### WORK TO BE COMPLETED
Everything from the line containing "KTM Tidy Graphics" through the final line of the entries below should be repeated exactly, and nothing else.
*** Opening of DATA ***
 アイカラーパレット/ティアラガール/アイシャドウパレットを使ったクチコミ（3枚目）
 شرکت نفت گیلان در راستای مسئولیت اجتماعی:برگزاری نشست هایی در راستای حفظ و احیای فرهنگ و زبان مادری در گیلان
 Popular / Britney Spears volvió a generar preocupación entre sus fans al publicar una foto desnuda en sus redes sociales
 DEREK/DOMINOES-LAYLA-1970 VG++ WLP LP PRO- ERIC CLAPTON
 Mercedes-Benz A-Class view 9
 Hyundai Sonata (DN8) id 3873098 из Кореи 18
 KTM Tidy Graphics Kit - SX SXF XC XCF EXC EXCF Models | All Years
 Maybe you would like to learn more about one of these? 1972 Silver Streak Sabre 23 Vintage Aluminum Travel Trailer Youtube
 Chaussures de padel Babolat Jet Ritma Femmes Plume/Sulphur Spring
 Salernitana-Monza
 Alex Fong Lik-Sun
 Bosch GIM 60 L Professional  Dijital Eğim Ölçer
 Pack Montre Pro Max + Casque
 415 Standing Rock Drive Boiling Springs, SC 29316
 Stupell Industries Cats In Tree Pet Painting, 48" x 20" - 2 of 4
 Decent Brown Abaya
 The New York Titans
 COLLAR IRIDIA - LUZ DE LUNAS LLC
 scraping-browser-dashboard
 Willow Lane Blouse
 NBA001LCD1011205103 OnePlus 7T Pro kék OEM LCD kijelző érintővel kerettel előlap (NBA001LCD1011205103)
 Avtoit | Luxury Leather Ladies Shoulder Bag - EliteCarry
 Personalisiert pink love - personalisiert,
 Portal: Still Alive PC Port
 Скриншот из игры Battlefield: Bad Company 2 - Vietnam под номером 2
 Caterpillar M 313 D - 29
*** Close of DATA ***
### SOLVED EXERCISE
 KTM Tidy Graphics Kit - SX SXF XC XCF EXC EXCF Models | All Years
 Maybe you would like to learn more about one of these? 1972 Silver Streak Sabre 23 Vintage Aluminum Travel Trailer Youtube
 Chaussures de padel Babolat Jet Ritma Femmes Plume/Sulphur Spring
 Salernitana-Monza
 Alex Fong Lik-Sun
 Bosch GIM 60 L Professional  Dijital Eğim Ölçer
 Pack Montre Pro Max + Casque
 415 Standing Rock Drive Boiling Springs, SC 29316
 Stupell Industries Cats In Tree Pet Painting, 48" x 20" - 2 of 4
 Decent Brown Abaya
 The New York Titans
 COLLAR IRIDIA - LUZ DE LUNAS LLC
 scraping-browser-dashboard
 Willow Lane Blouse
 NBA001LCD1011205103 OnePlus 7T Pro kék OEM LCD kijelző érintővel kerettel előlap (NBA001LCD1011205103)
 Avtoit | Luxury Leather Ladies Shoulder Bag - EliteCarry
 Personalisiert pink love - personalisiert,
 Portal: Still Alive PC Port
 Скриншот из игры Battlefield: Bad Company 2 - Vietnam под номером 2
 Caterpillar M 313 D - 29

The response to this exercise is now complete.